**TASK REQUIREMENTS**.
Your answer must be an exact copy of the lines from the one containing "Áo sơ mi nam" through the last line of the records below, with no pictures; please include nothing else.

**EXERCISE INPUT**.
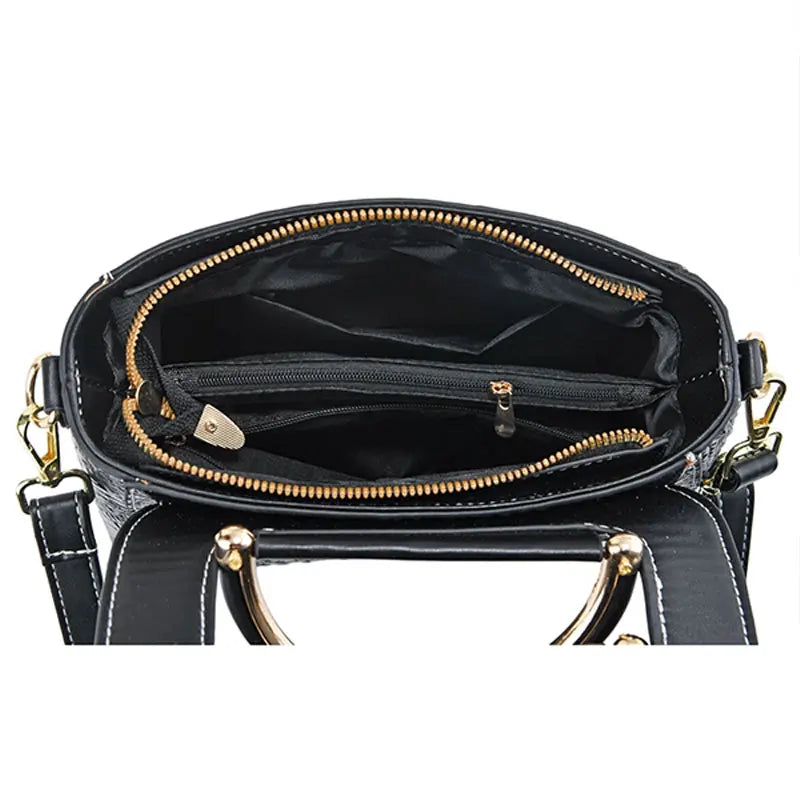 3-piece women's bag set, ladies handbag, crocodile pattern leather shoulder and crossbody bag, fliptop design bag, birthday gift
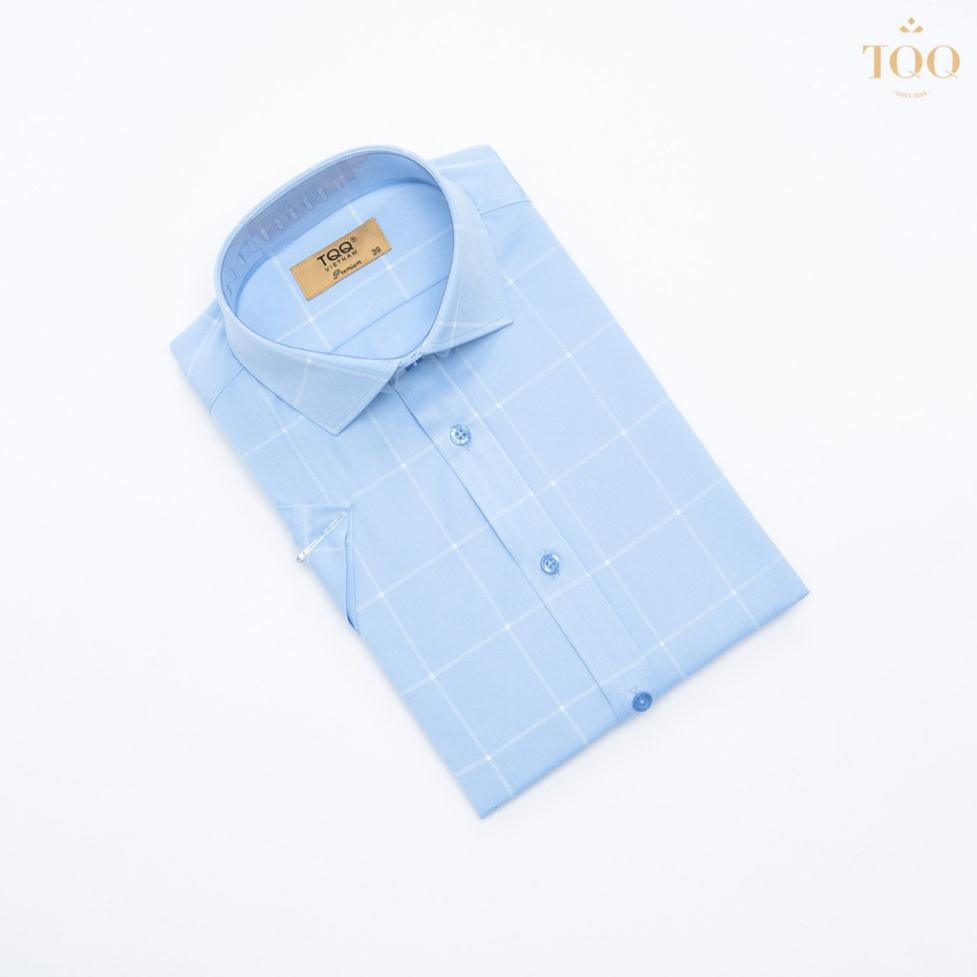 Áo sơ mi nam ngắn tay TQQ xanh dương kẻ ô to vạt bằng K302CB | BigBuy360 - bigbuy360.vn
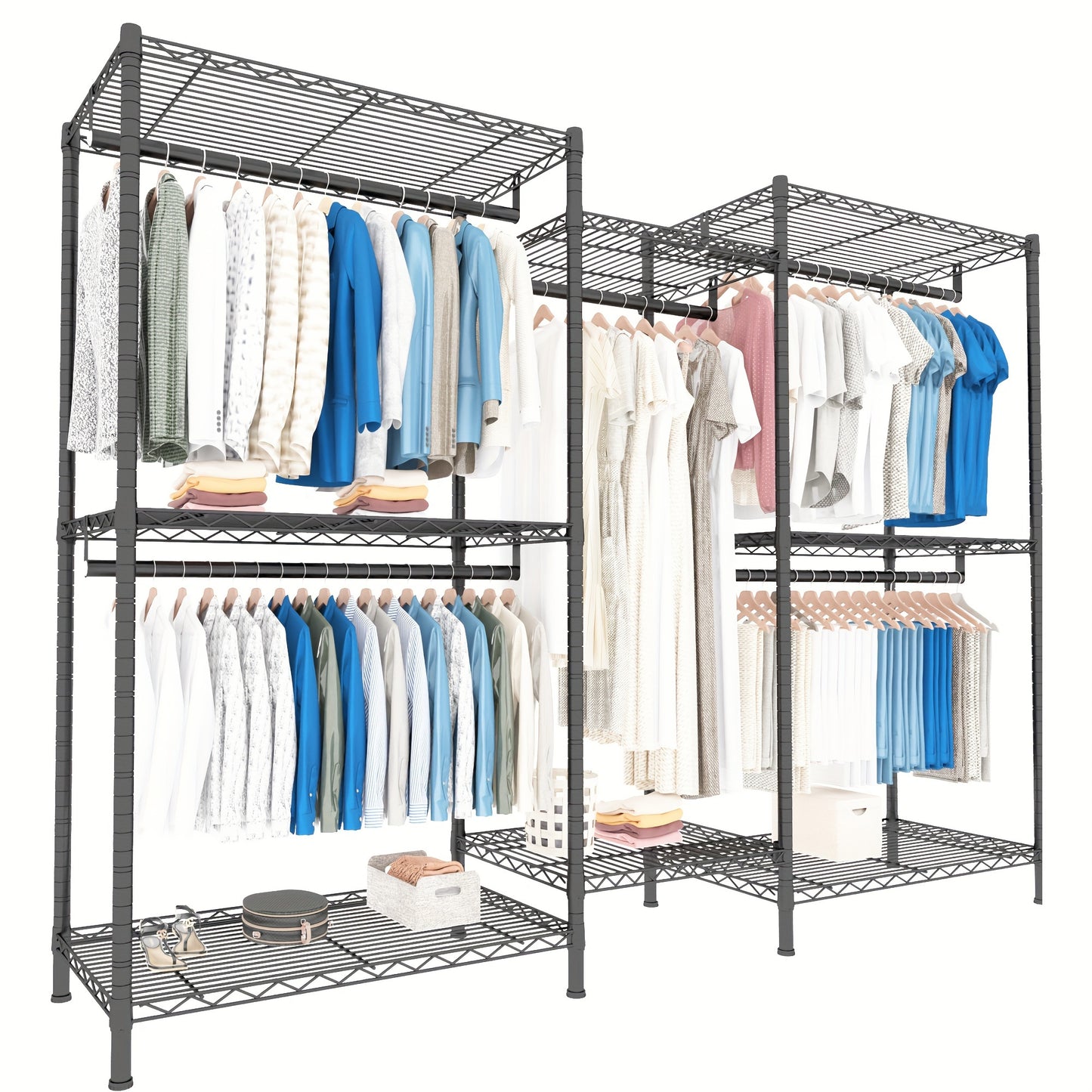 1pc Heavy Duty Metal Garment Rack, 835LBS Load Capacity, Lacquered Finish, Free Standing Wardrobe Closet Organizer with 77.1\
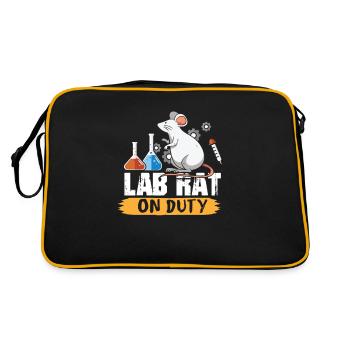 Laborratte am Arbeiten wissenschafts shirt design - Retro Tasche - Schwarz/Gold - Hinten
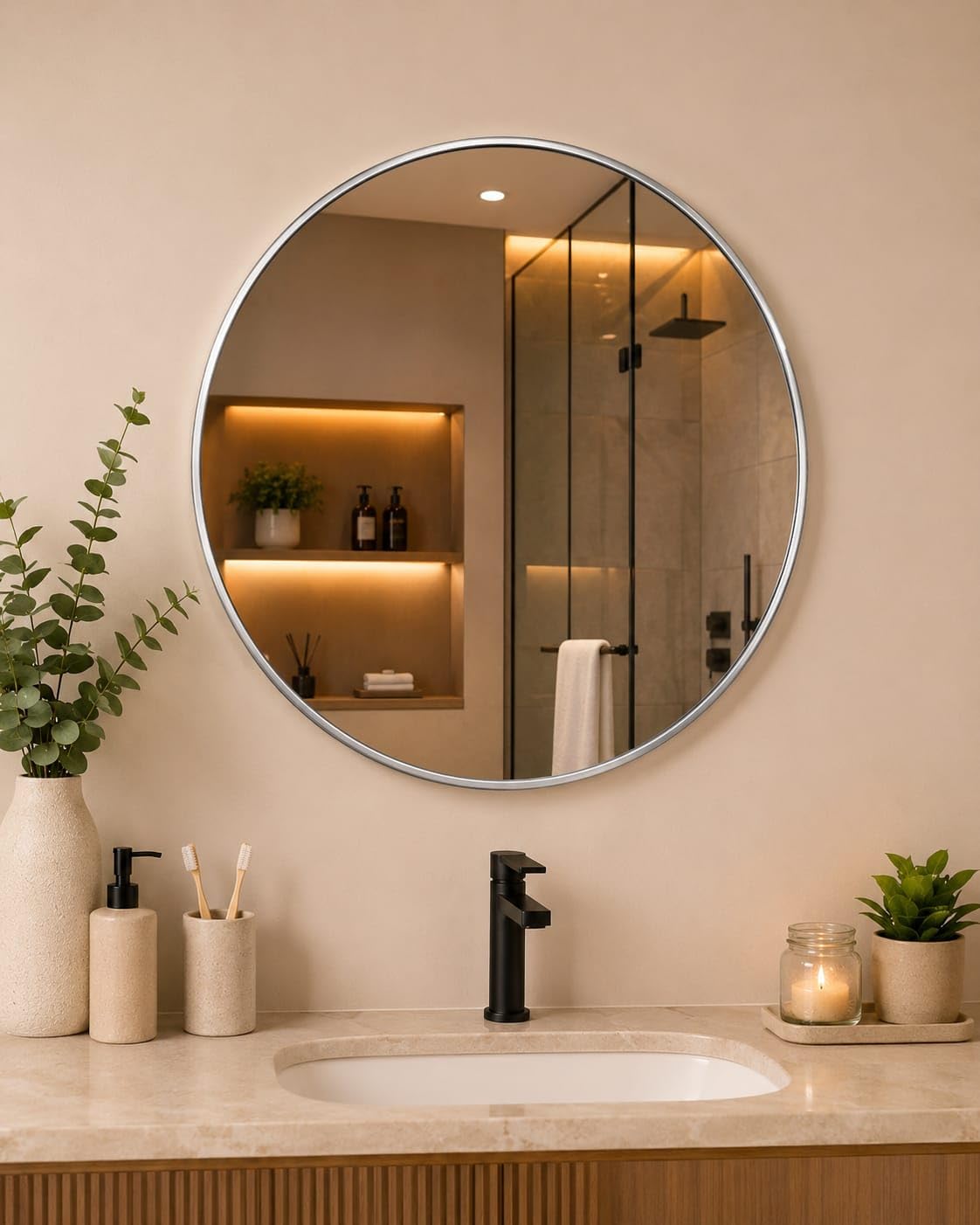 Premium Round Wall Mirror 12 x 12 Inches with Silver Chrome Finish | HD Glass Wall Mounted Vanity Mirror for Bathroom, Wash Basin, Living Room, Bedroom & Home Decor-image-36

**SOLVED PROBLEM**.
 Áo sơ mi nam ngắn tay TQQ xanh dương kẻ ô to vạt bằng K302CB | BigBuy360 - bigbuy360.vn
 1pc Heavy Duty Metal Garment Rack, 835LBS Load Capacity, Lacquered Finish, Free Standing Wardrobe Closet Organizer with 77.1\
 Laborratte am Arbeiten wissenschafts shirt design - Retro Tasche - Schwarz/Gold - Hinten
 Premium Round Wall Mirror 12 x 12 Inches with Silver Chrome Finish | HD Glass Wall Mounted Vanity Mirror for Bathroom, Wash Basin, Living Room, Bedroom & Home Decor-image-36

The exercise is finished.